Etc. So, I wanted to go into town and get a job today, to pay for my ticket back to New York, but waited about for people to come with me rather than just doing it, and the end result is it’s super late now, too late to get a job anywhere, and everyone’s going into town to go out, save me, who must stay at home cos he has no ID (this is a worry), and it’s too far to chance not being allowed in anywhere.
So I should write more now. I wrote a bunch earlier. Phil is worrying that Amy has forotten his ass, as she went in her tiny car to take Cecelia and James over an hour ago. But she hasn’t forgotten him. It’s just miles from ShanGayKen to Woodstoock! A HA!
I just asked Spiky if he has a message for the world. He said, “spitroast!” So there you go.
So, there were a bunch of updates and pictures and things, and they got wiped! Oh, the tragedy.
So, a recap. On my last day on Rivington Street I saw a white thug in an open-top Hummer drive by blasting out ‘I Want The One I Can’t Have’ and nodding along with a serious expression about his face.
Then we went.
Wade and I ended up on the coach, as there was no room in the van, or car. We got there early, and checked out the scene. The scene is small.

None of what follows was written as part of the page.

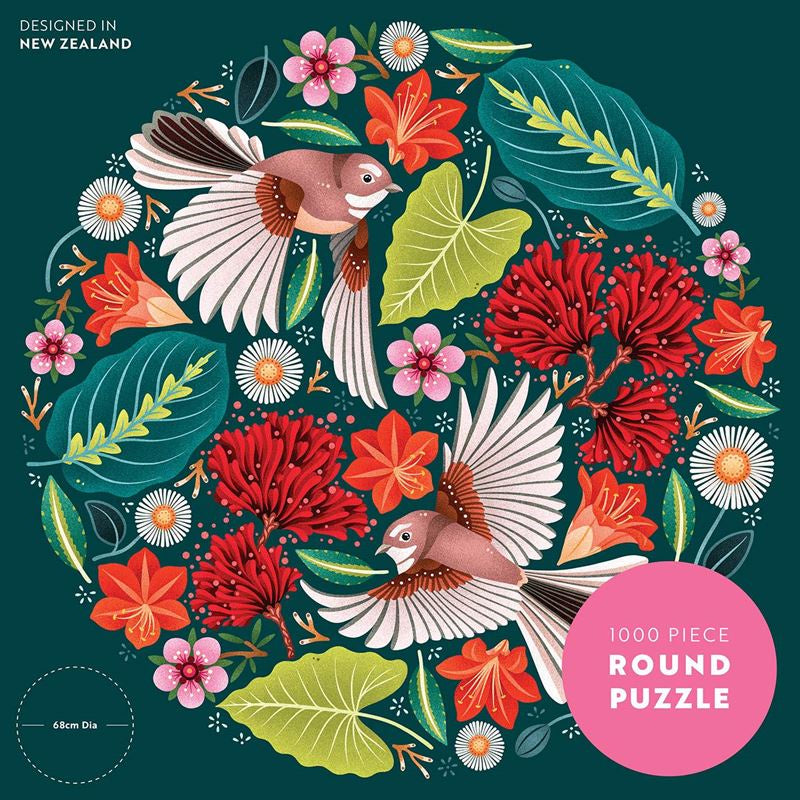 Chirpy Fantails Round 1000 Piece Puzzle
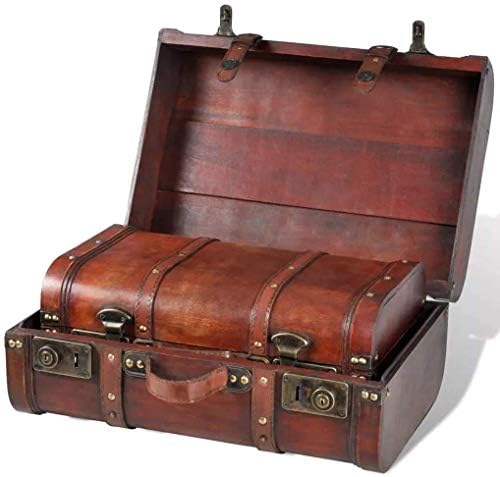 Замакс 2 парчиња/постави гроздобер дрвен богатство на градите, мала и голема кутија за багажникот за складирање за книги за постелнина, ретро рустикален рачно изра?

We don’t actually live in Woodstock. We live in Shandaken, outside. Well, just outside. Half way up a mountain, hidden away by forest, amongst bears and chipmunks and what have you. In a big old dusty house full of weird porn and broken stuff, with brown water and giant ants. Like, there’s a jacuzzi, but it doesn’t seem to work. There is the biggest TV you’ve ever seen, but it’s got a big black tear across the front and doesn’t tune properly. It’s a two hour walk to the nearest shop, whihc is a petrol station, and does a good line in biscuits. The local girl’s got a lot of guns.
It is very lovely to look at up in Shandaken. Mountains covered in trees, mainly. Streams. Clouds so low you can jump up and punch them.
I miss Wade, who is back in London sorting out affairs. All my stuff is in boxes.